Muskelspiele am Dirigentenpult: Musiker haben Spaß
Tzimon Barto und Toshiyuki Kamioka — zwei ungleiche Ausnahmekünstler, zwischen denen die Chemie stimmt.
Wuppertal. Es kommt nicht oft vor, dass sich Toshiyuki Kamioka den Taktstock aus der Hand nehmen lässt. Normalerweise hüpft, schwingt und tänzelt der japanische Wirbelwind derart gestenreich auf dem Dirigentenpult, dass es für einen Neben-Mann ohnehin keinen Platz gäbe.
Doch Tzimon Barto ist beherzt genug, um dem Wuppertaler Chef-Dirigenten den „Thron“ streitig zu machen.
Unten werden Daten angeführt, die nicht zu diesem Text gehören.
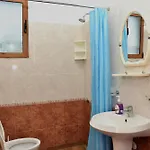 Gridi- Me Qera Apartment *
Flink sprintet er auf die Bühne, greift zum Stock und spielt den Dirigenten.
Die Musiker staunen — ihr Chef ist schlichtweg überrumpelt. Genau das bleibt natürlich nicht ohne Folgen: Die Stimmung im Amsterdamer Konzertsaal ist bestens. Das Orchester wirkt gelöst, aber konzentriert — und wer sein Amsterdam-Debüt geben darf, hat ohnehin gut lachen. Auch Kamioka nimmt die scherzhaften Muskelspiele mit Humor: Dass die Chemie zwischen dem Chef-Dirigenten und dem Solisten aus Florida stimmt, zeigt sich bereits bei der Anspielprobe. Der gebürtige Japaner war es auch, der die Idee hatte, den US-Musiker mit nach Amsterdam zu nehmen.
Denn Kamioka kennt die dortige Musikszene und weiß: Wer aus der Ferne kommt und im ehrwürdigen Concertgebouw bestehen will, muss alles haben — eigene Qualitäten, ein attraktives Programm und einen namhaften Solisten. Das Rezept geht auf — nicht nur bei der Probe.
Im anschließenden Konzert ist Kamioka allerdings so in seinem Element, dass den Zuschauern der Atem stockt: Wackelt da etwa das Podest? Doch der 50-Jährige reagiert im geeigneten Moment: Nach der Pause schiebt er als erstes das Pult in Stellung und prüft mit der Hand, ob es weiterhin halten dürfte. Der Chef-Dirigent lässt sich eben nicht vom Sockel stürzen — das schafft nicht einmal das eigene Temperament.